Question

A rigid body of mass 0.3 kg is taken slowly up an inclined plane of length 10 m and height 5 m (assuming the applied force to be parallel to the inclined plane), and then allowed to slide down to the bottom again. The coefficient of friction between the body and the plane is 0.15. using g = 9.8 $m/s^2$ find the
(a) work done y the gravitational force over the round trip
(b) work done by the applied force over the upward journey
(c) work done by frictional force over the round trip
(d) kinetic energy of the body at the end of the trip?

Answer 1

It is given that

$m=0.3Kg$

$h=10m$

$l=5m$

$\mu =0.15$

(a) As the displacement over the round trip is zero so, work done by the gravitational force over the round trip is zero.

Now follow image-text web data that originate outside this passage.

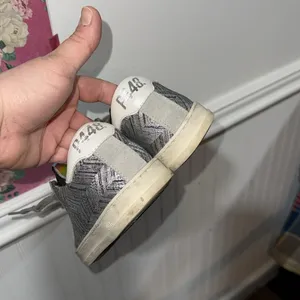 P448 sneakers size 5 Made to look worn silver gray black tartan John thumbnail 3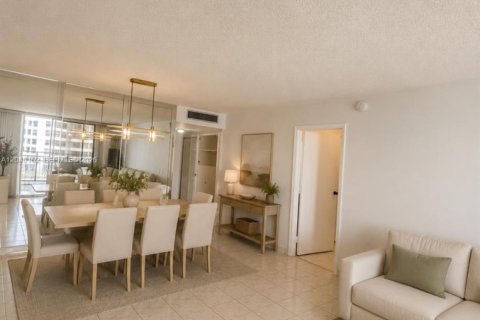 Condo in Hallandale Beach, Florida, 2 bedrooms № 2186161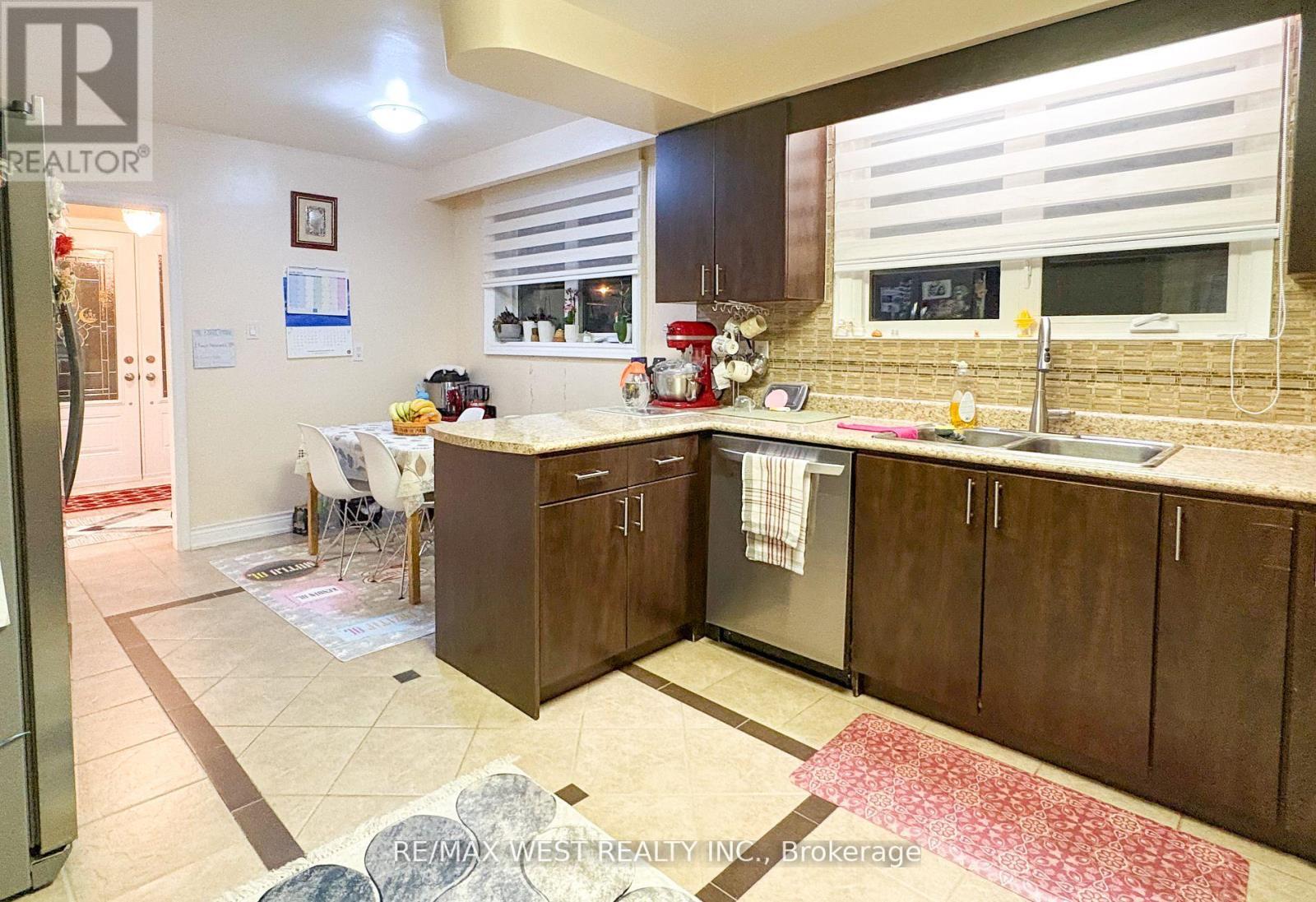 Main - 5 Arlstan Drive, Toronto, ON - Indoor Photo Showing Kitchen With Double Sink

(b) work done by the applied force over the upward journey

$W_{up}=F\times d$

$=(mg\sin \theta +f)h$

$=mg(\sin \theta +\mu \cos \theta )h$

$=0.3\times 9.8\times 10\left(\right(\frac{5}{10})+0.15(\frac{\sqrt{75}}{10}\left)\right)$

$=29.4(0.5+0.129)$

$=18.51J$

(c) work done by frictional force over the round trip

$W=2fh$

$=2\left(\mu mgh\cos \theta \right)$

$=2\times 0.15\times 0.3\times 9.8\times \frac{\sqrt{75}}{10}\times 10$

$=7.638J$

(d) kinetic energy of the body at the end of the trip

$K=\frac{1}{2}m{v}^2$

From newton’s second law

$mg\sin \theta -f=ma$

$mg\sin \theta -\mu mg\cos \theta =ma$

$a=g(\sin \theta -\mu \cos \theta )$

$a=9.8(0.5-0.15\times \frac{\sqrt{75}}{10})$

$a=3.62m{s}^{-2}$

$v^2-u^2=2as$

$v^2=72.4$

$v=8.5m/s$

$K=\frac{1}{2}\times 0.3\times 72.4K=10.86J$